THE DATA:
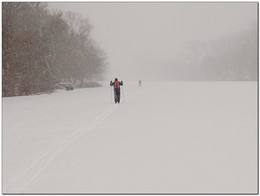 Gedumpten Schnee und Schneesturm / ***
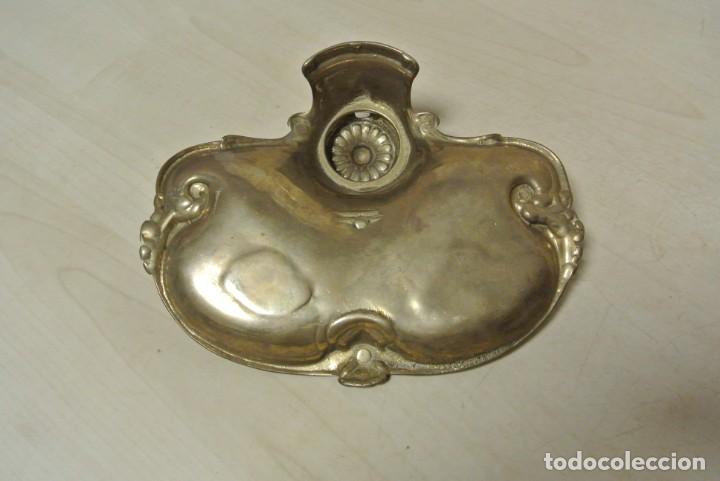 Escriban&iacute;a: TINTERO EN BRONCE ADORNADO CON FLORES - Foto 3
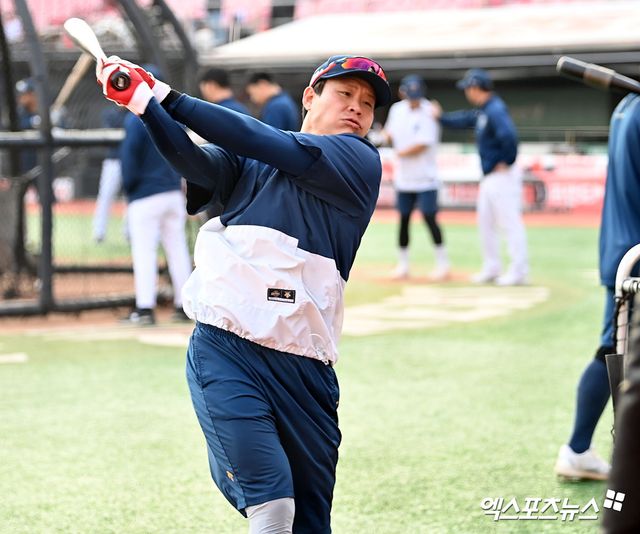 30일 오후 수원KT위즈파크에서 열리는 '2023 신한은행 SOL KBO 포스트시즌' NC 다이노스와 KT 위즈의 플레이오프 1차전 경기, NC 박세혁이 훈련에 임하고 있다. 엑스포츠뉴스 DB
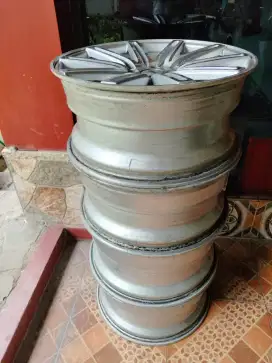 Velg vossen R18 pcd 100 et 9/ 8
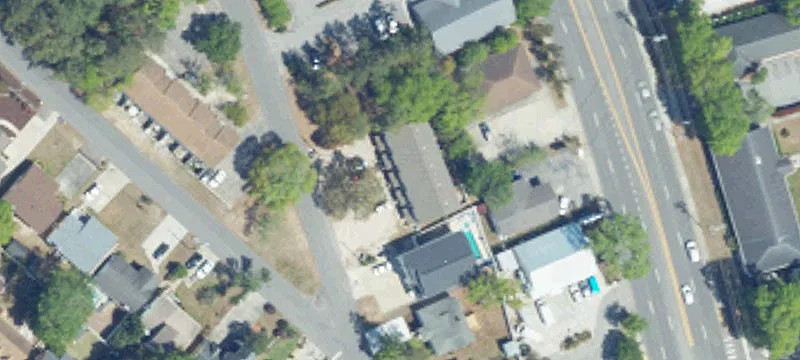 1006 Hunter Ave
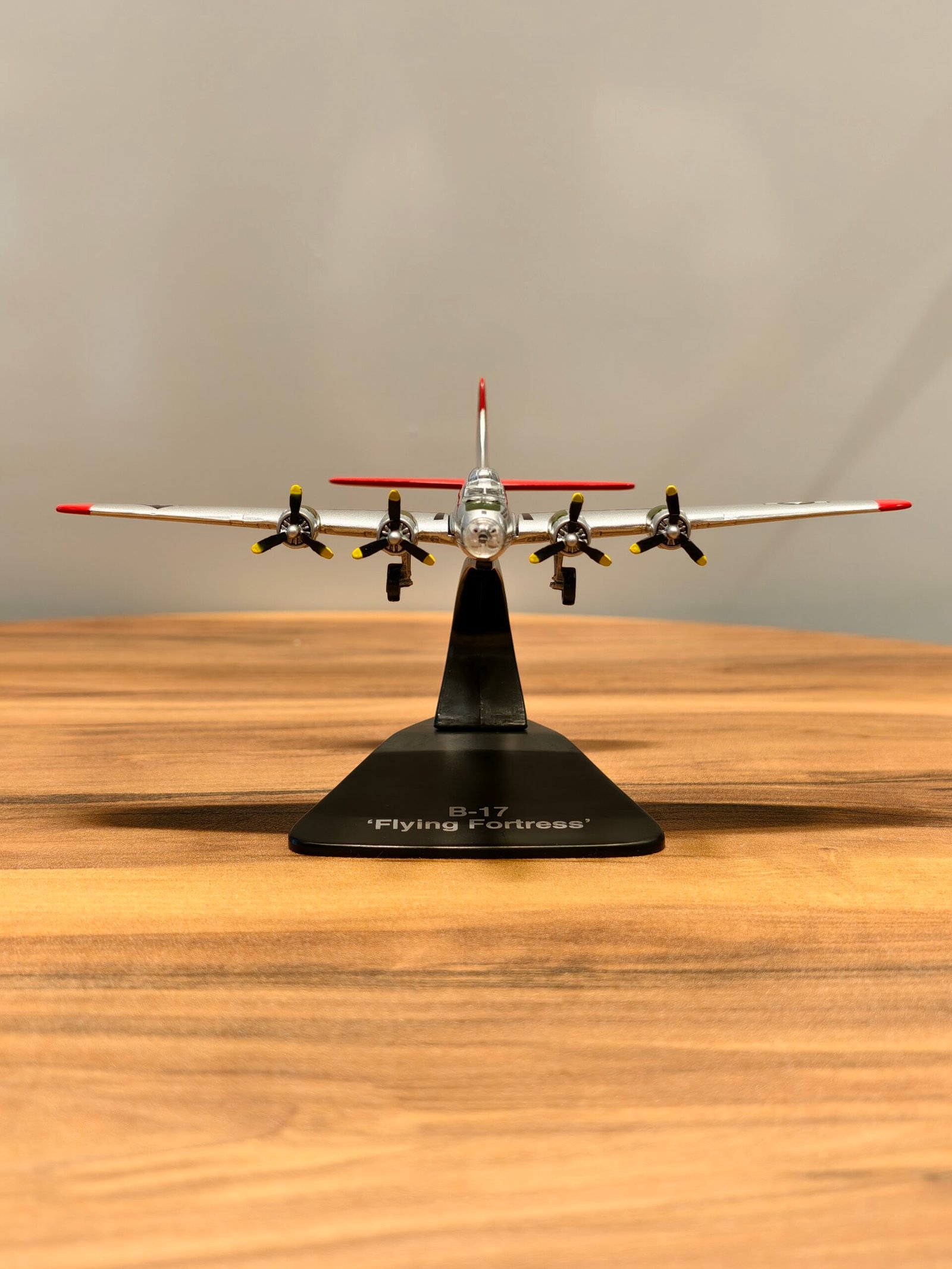 Aircraft 2014 Editions Atlas S.A (Gray) 1:500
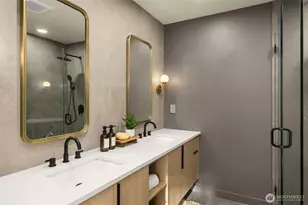 14033 Densmore Ave N, Seattle, WA 98133 - Photo 12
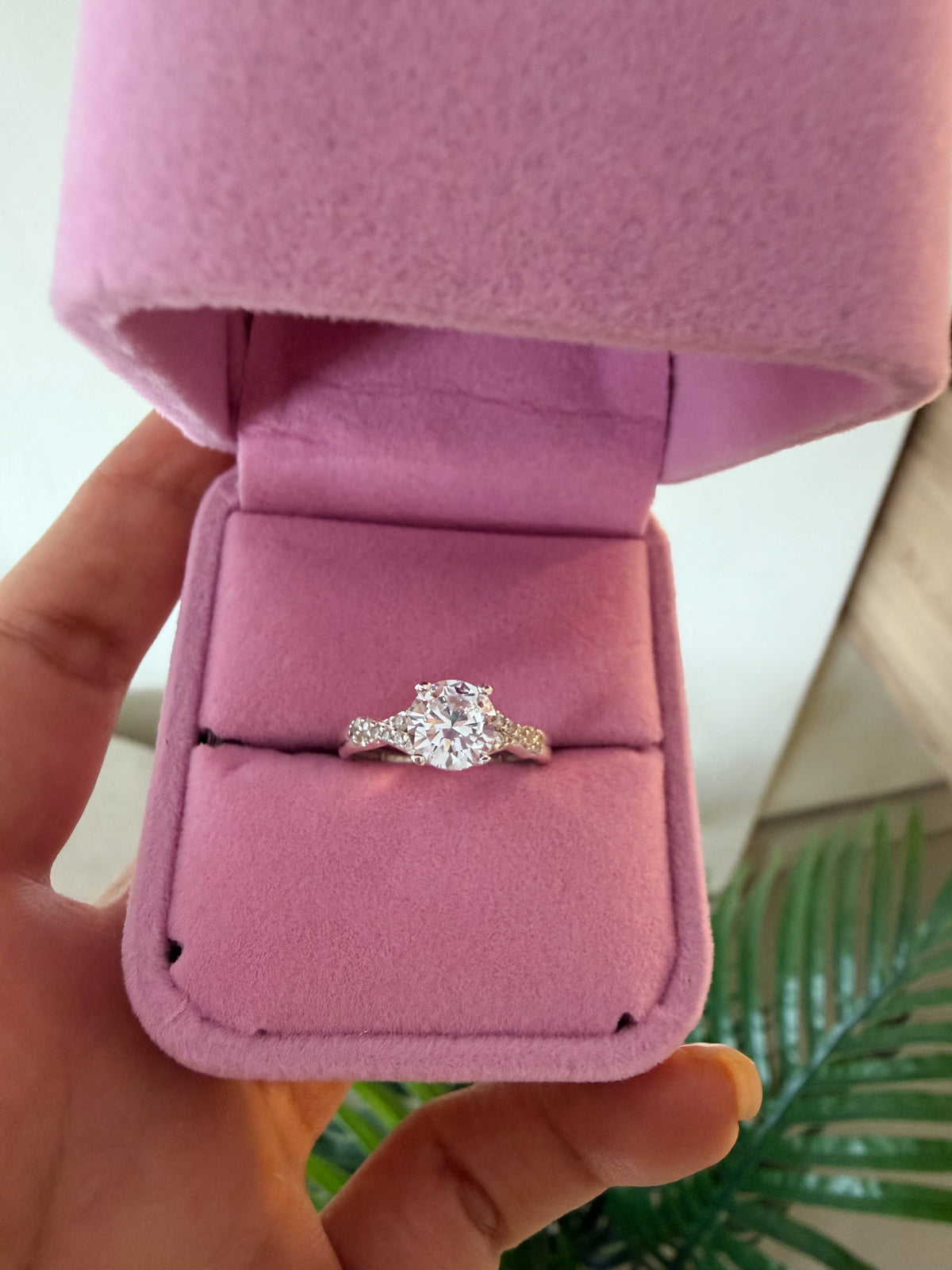 Anillo entrelazado brillante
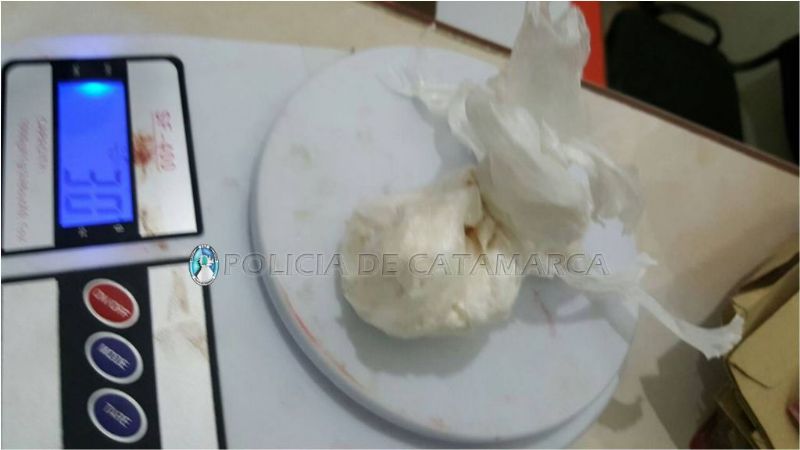 Cinco detenidos con droga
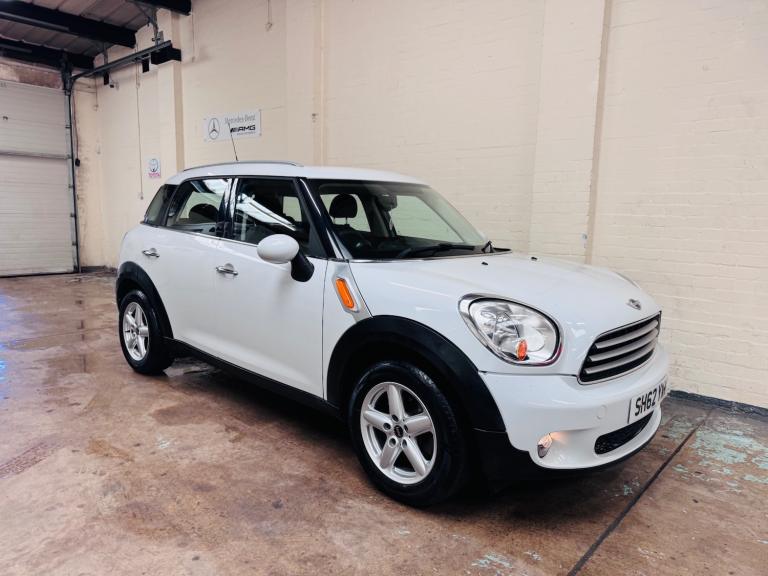 2012 MINI Countryman 1.6 Cooper 5dr HATCHBACK Petrol Manual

WHAT YOU WILL DO:
In the copy, no pictures are to appear; write out exactly the lines from the one containing "1006 Hunter Ave" through the end of the listing above and no further lines.

YOUR RESPONSE:
 1006 Hunter Ave
 Aircraft 2014 Editions Atlas S.A (Gray) 1:500
 14033 Densmore Ave N, Seattle, WA 98133 - Photo 12
 Anillo entrelazado brillante
 Cinco detenidos con droga
 2012 MINI Countryman 1.6 Cooper 5dr HATCHBACK Petrol Manual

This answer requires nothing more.